● **What you need to do**
For the entries below, report the number of lines where the string "from" appears, and only that number.
== Records for processing
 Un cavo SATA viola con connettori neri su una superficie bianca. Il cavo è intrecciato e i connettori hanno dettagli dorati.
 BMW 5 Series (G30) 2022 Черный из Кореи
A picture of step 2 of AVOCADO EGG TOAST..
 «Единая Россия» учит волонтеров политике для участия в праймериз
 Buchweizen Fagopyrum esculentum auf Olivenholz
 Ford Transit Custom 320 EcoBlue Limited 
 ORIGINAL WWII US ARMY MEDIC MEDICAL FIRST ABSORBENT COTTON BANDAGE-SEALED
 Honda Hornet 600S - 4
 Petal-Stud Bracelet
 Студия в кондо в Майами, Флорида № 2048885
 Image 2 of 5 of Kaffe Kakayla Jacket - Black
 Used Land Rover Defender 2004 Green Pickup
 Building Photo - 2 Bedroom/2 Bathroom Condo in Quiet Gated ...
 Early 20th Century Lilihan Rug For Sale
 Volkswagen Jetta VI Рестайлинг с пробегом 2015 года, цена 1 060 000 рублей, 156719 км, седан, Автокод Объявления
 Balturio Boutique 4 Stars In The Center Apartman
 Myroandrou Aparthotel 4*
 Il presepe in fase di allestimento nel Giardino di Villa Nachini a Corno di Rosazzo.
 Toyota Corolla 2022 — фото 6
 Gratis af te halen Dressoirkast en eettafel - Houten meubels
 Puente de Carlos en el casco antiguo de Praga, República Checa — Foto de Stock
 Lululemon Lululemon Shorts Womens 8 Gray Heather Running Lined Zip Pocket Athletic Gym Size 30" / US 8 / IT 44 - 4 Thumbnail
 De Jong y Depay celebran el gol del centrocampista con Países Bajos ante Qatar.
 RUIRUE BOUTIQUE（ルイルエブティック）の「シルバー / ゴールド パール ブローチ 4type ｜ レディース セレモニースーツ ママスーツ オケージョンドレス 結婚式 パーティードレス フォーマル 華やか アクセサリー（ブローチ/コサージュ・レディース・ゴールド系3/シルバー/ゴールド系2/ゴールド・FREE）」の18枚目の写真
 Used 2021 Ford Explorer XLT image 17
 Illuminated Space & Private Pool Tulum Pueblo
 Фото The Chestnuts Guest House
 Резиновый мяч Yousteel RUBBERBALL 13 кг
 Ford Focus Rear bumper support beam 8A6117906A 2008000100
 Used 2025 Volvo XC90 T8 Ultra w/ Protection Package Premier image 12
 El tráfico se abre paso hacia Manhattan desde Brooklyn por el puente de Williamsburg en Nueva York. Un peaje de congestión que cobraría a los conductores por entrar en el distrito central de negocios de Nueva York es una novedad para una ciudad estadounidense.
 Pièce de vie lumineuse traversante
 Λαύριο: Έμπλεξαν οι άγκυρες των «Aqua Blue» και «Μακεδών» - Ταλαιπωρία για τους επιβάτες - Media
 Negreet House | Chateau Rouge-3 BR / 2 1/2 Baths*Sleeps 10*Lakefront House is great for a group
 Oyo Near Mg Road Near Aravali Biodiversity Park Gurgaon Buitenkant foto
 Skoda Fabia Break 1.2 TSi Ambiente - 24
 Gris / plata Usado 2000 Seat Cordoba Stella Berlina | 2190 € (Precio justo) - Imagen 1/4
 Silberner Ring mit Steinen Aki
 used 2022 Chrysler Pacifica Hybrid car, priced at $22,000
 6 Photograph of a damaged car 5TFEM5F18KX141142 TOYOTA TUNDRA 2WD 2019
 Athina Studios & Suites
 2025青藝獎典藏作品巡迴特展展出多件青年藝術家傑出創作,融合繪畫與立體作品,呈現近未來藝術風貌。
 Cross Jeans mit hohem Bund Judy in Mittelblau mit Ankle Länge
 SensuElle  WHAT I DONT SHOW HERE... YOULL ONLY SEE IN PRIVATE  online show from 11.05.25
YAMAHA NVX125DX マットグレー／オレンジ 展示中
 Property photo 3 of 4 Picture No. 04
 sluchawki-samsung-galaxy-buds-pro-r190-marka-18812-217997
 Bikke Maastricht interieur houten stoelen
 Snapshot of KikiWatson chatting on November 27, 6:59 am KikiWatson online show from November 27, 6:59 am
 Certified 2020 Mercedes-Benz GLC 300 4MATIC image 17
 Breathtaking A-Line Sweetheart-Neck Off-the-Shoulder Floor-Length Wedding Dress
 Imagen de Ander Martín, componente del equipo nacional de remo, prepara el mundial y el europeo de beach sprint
====
● **Response to this task**
2